12

Snefru se hallaba en Menfis desde hacía varios días cuando Keops salió de Heliópolis para acudir a rendir homenaje a su padre. Hacía poco que había conocido el atentado del que fue víctima el rey, pero se negó a relacionarlo con el ataque de los soldados desertores, cuando había sido huésped de Filitis. No podía creer que en Menfis se hubiera urdido una conspiración que pretendiera aniquilarlos, al rey y a él mismo, pues no sabía de quién sospechar.

Al finalizar su estancia en la morada del Fénix, sólo había llegado aún a la cuarta puerta en su recorrido iniciático.

—Ahora puedo dejarte partir —declaró Benu—, pues el paso de las próximas puertas no tendrás que realizarlo aquí, sino en Hermópolis. Podrás ver que el clero y los clanes de esta ciudad sagrada, dominio de Thot, te son favorables. El sumo sacerdote de Thot te hará penetrar nuevos misterios y luego te hará saber adonde debes dirigirte. Pero de momento puedes volver a instalarte en tu residencia de Menfis. Por lo que se refiere a tu deseo de contraer un segundo matrimonio, te corresponde decidirlo y confesárselo a su majestad.

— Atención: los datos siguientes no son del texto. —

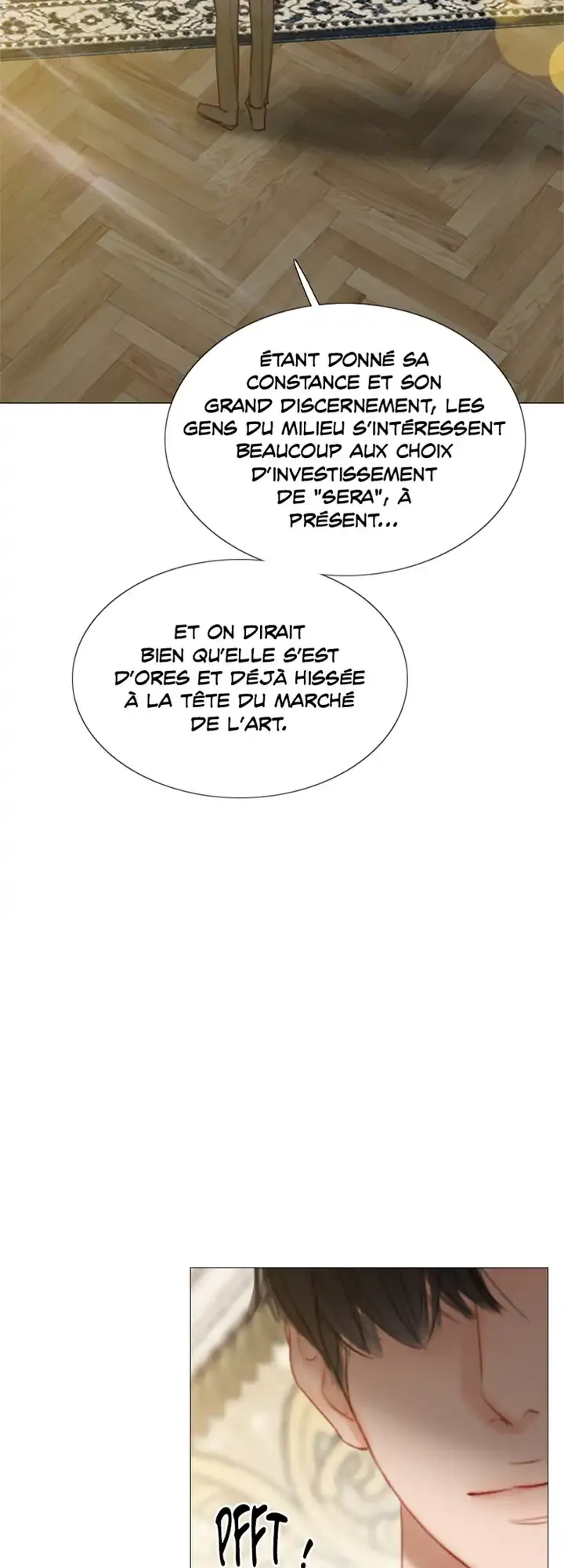 Read Serena FR Manga Online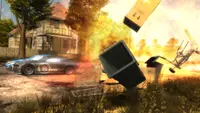 FlatOut 3: Chaos & Destruction Complete 2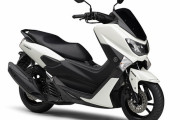 ヤマハ「NMAX125」にエンジンが停止して再始動できなくなるおそれ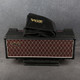 Vox AC30CH Amp Head - Cover **COLLECTION ONLY** - 2nd Hand Vox AC30CH Amp Head - Cover **COLLECTION ONLY** - 2nd Hand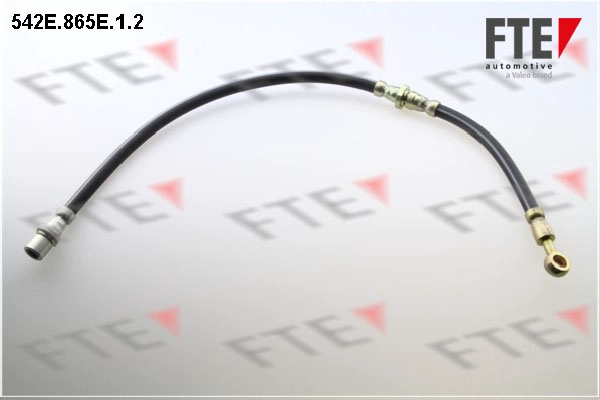 Шланг тормозной FTE 542E.865E.1.2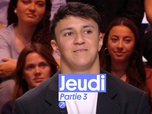 Replay Quotidien troisième partie du 8 mai 2025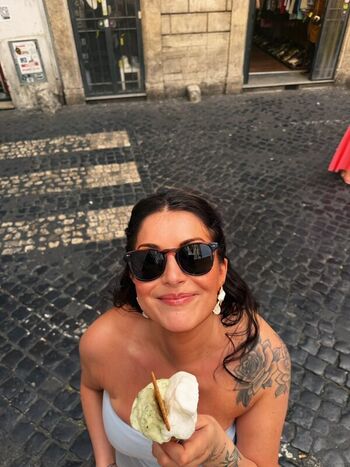 Full leaked Parmajawncheese private photo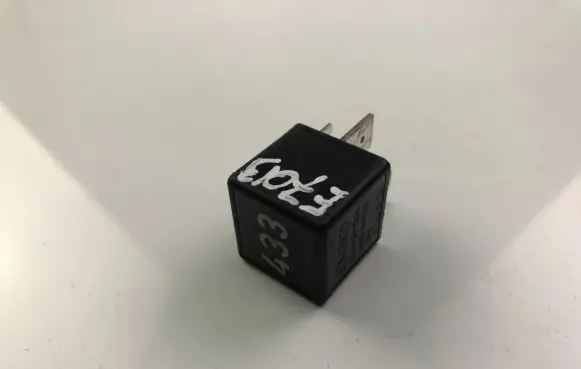 Audi A3 S3 8P Other relay 3D0951253A
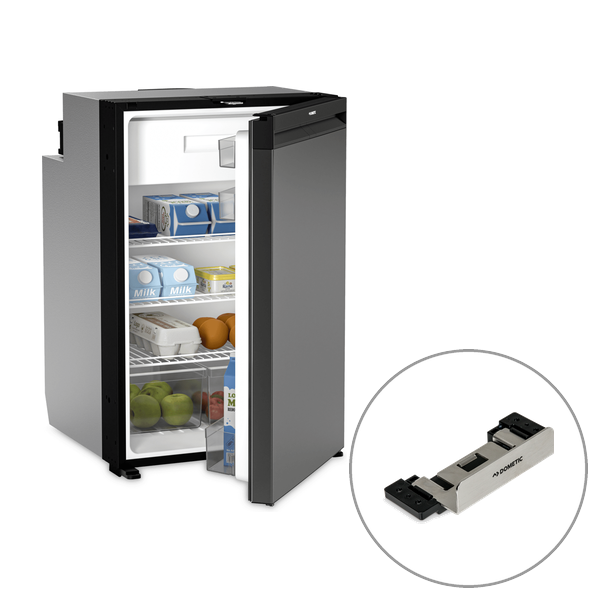 Dometic NRX 130C 126 Litre Compressor Fridge & Freezer
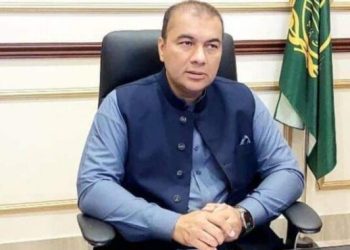 Chairman CDA pushes for timely completion of Serena Interchange Project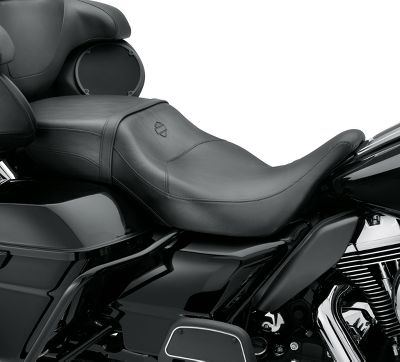 Tallboy Seat Two Up Seats Official Harley Davidson Online Store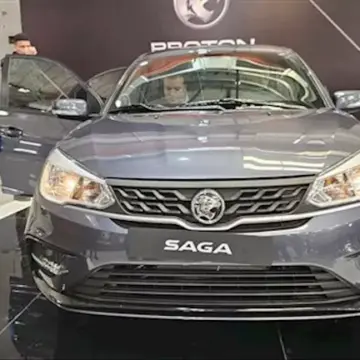 إطلاق بروتون ساجا الجديدة بمقدم 65 ألف جنيه وقسط يصل إلى 10 سنوات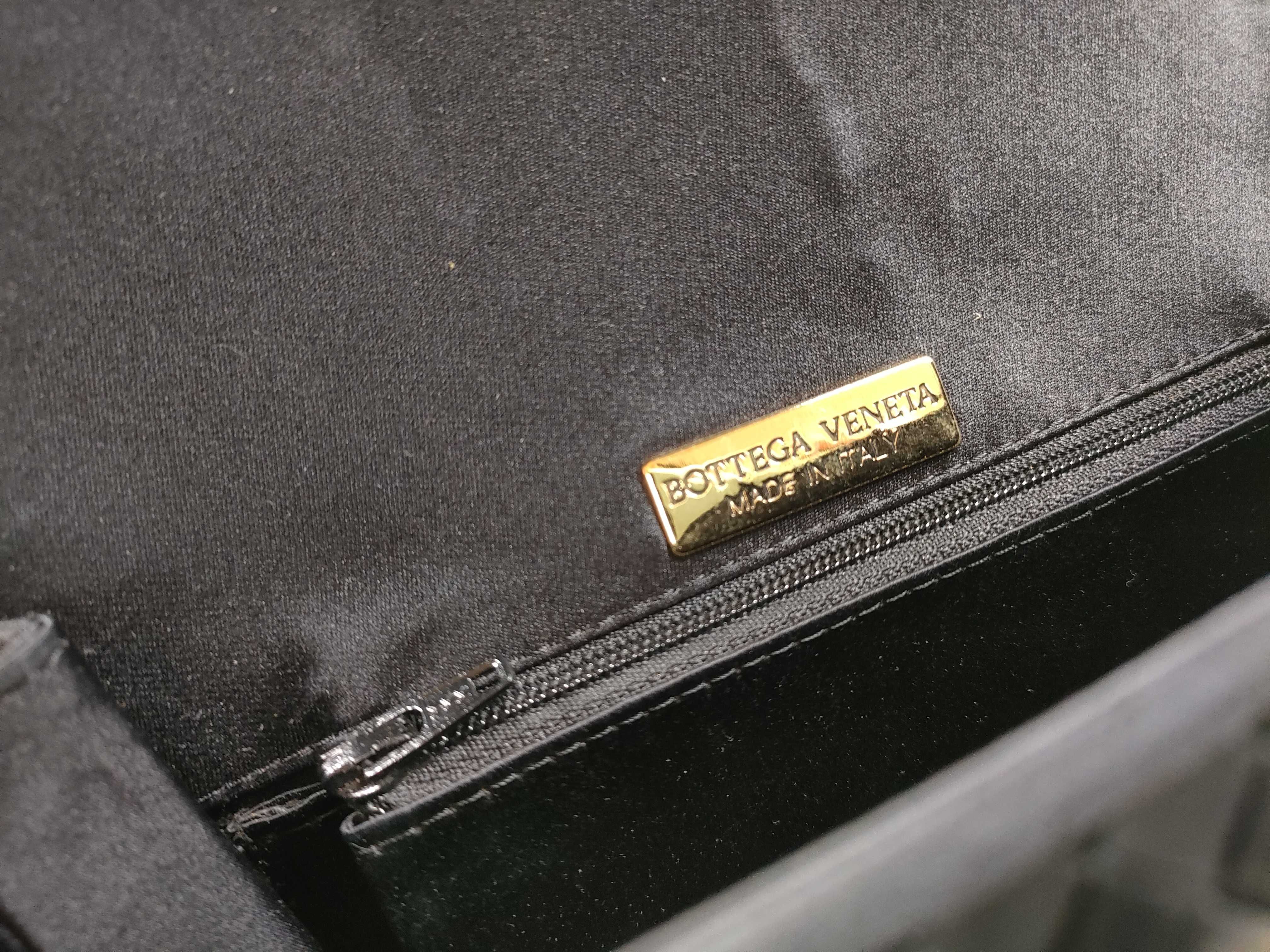 Intrecciato Handbag — view 15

Cuando llegó a su casa, Keops se sintió decepcionado al no ver a Henutsen entre sus compañeras, pero evitó advertirlo, sobre todo porque la primera noticia que le comunicó Meritites, tras lanzarse a su cuello, fue que iba a ser madre por tercera vez. Cuando Keops le hubo manifestado el placer que ello le producía, ella prosiguió:

—Nuestro padre vino a visitarnos en cuanto llegó a Menfis. Mostró su satisfacción al volver a ver con buena salud a sus dos nietos y a mí. Lamentó tu ausencia y pidió que te presentaras en su corte en cuanto regresaras.

—Que hagan venir a mi presencia a Khenu, mi servidor, para enviar un mensaje a su majestad y hacerle saber que su primogénito, el príncipe heredero, espera su orden para cumplir sus deseos.

Cuando Khenu hubo recibido las instrucciones de su dueño y se hubo alejado, Keops se dirigió al jardín, seguido por Meritites. Se quitó el paño para zambullirse en la alberca y dijo a su hermana:

—Al llegar, me he cruzado con Uta y Chery. Que las llamen para que toquen su hermosa música. Pero no he visto a Henutsen, ¿no ha venido hoy?

—Hace ya muchos días que no se presenta ante mí —le hizo saber Meritites—. Se instaló aquí después de tu partida, hasta que la avisaron de que su madre estaba enferma. Corrió a su cabecera y, desde entonces, no ha regresado. Sin embargo, he sabido que su madre se encontraba mejor. Tal vez prefiere seguir cuidándola hasta que se cure por completo.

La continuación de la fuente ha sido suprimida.